Sometimes I sense that to put real confidence in my memory I have to get to the end of all rememberings. That seems to say that I forego remembering. And now that strikes me as an accurate description of what it is to have confidence in one's memory.
          --Stanley Cavell, The Claim of Reason


Saturday, March 02, 2002
I remember thick pencils at school. I guess they were for little hands. You could only get them at school. The pencil sharpener had two slots -- one for standard and one for thick. The thick pencils had no erasers, and were stubby and short. The wood they were made out of was darker and softer and splintered more easily if you chewed on them (and didn't taste as good).

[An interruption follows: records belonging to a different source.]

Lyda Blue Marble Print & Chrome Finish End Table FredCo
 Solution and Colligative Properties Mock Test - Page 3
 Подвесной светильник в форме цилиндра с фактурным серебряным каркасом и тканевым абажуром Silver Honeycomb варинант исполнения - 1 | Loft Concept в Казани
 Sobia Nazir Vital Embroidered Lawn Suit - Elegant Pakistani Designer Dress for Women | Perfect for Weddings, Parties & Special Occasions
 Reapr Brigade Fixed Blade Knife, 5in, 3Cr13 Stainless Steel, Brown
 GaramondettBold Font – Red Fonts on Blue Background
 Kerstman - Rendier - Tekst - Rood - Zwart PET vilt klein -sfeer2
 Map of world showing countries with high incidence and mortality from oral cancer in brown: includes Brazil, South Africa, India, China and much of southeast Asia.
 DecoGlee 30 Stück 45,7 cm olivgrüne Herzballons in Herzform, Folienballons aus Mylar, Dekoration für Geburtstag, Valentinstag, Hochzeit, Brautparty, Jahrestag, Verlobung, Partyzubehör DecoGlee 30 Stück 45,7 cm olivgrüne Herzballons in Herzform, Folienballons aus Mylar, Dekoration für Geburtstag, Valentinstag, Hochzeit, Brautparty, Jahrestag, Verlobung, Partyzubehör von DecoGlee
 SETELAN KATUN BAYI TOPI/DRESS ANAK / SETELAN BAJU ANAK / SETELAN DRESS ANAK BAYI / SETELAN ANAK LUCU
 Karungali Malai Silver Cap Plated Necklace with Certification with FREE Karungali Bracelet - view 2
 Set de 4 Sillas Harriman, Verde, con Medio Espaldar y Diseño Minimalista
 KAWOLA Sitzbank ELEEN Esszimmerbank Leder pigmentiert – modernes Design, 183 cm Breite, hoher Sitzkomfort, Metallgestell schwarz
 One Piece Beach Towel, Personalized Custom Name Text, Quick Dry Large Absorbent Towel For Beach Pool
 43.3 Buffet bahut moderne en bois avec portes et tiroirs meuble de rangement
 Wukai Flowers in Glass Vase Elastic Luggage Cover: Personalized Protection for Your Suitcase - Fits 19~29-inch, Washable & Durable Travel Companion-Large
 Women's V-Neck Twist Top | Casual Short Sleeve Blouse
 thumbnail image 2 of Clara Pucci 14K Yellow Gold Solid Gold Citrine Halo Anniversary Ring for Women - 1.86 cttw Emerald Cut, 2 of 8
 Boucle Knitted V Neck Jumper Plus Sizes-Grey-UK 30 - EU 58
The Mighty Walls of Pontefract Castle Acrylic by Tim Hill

I don't recall ever doing any work with them. They were just unappealing, and seemed a thing only to be met with in school. I think this was also because they tended to be painted a kind of institutional green or brown -- not the bright yellow of Ticonderogas -- like the school walls, olive to about head height, then a dingy brownish yellow above that. (Why was this?)

I remember (as an element of my lunatic fastitdiousness) how upset I was when I got my first thermos. When you opened it up you could see two black circles with imprefect annealing -- where the glass was glued to the shell. But I hated them, and I kept looking for thermoses without these imperfections. Finally I would pour my drink from them without looking at the bottom. After a while I got over this.

I remember also how easily they would break. That's why I got so many.